Terminato il liceo Irene si trasferisce con il fidanzato negli Stati Uniti dove continua gli studi in una
prestigiosa università, mentre Ciro esce di prigione decisamente cambiato: entrambi i ragazzi sono
consapevoli che l’esperienza vissuta li ha aiutati a scoprire una parte di se stessi che ancora non
conoscevano.
Presentazione critica
Introduzione al film
La città dei ragazzi
Il cinema di Antonio Capuano si basa su due capisaldi, su due elementi ricorrenti di film in film: da un
lato la città di Napoli in quanto universo da scoprire e riscoprire, un luogo stratificato, dove le
contraddizioni convivono in apparente (dis)armonia, attraversato da una permeabilità delle classi sociali
che raramente si può constatare in altre realtà; dall’altro i giovani (bambini, adolescenti o ragazzi) come
portatori di uno sguardo diverso, capace di leggere la realtà (spesso degradata) in cui vivono meglio degli
adulti, troppo presi da una quotidianità che tende ad affievolire i sensi e ad addormentare le coscienze.

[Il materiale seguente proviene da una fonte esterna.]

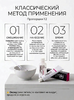 J.Maki FOR MEN 7.01 Русый пепельный 60 мл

A
incominciare dall’esordio del 1991 con Vito e gli altri che documentava con lirica crudeltà la vita di uno
scugnizzo contemporaneo, passando per Pianese Nunzio, 14 anni a maggio (1996), storia del legame che si
instaura tra un prete anticamorra e un adolescente che vive fuori dalla famiglia, fino ad arrivare a La
guerra di Mario (2005), incentrato sul rapporto impossibile tra una famiglia borghese e un bambino vittima
di abusi dato loro in affido dai servizi sociali, i minori per Capuano sono sempre stati i protagonisti (anche
negativi, come nel caso del Ciro di L’amore buio) di percorsi complessi, difficili, spesso disperati ma
comunque animati da una grande vitalità capace di riscattarne i destini, di proiettarli in un futuro che è
d’obbligo immaginare migliore.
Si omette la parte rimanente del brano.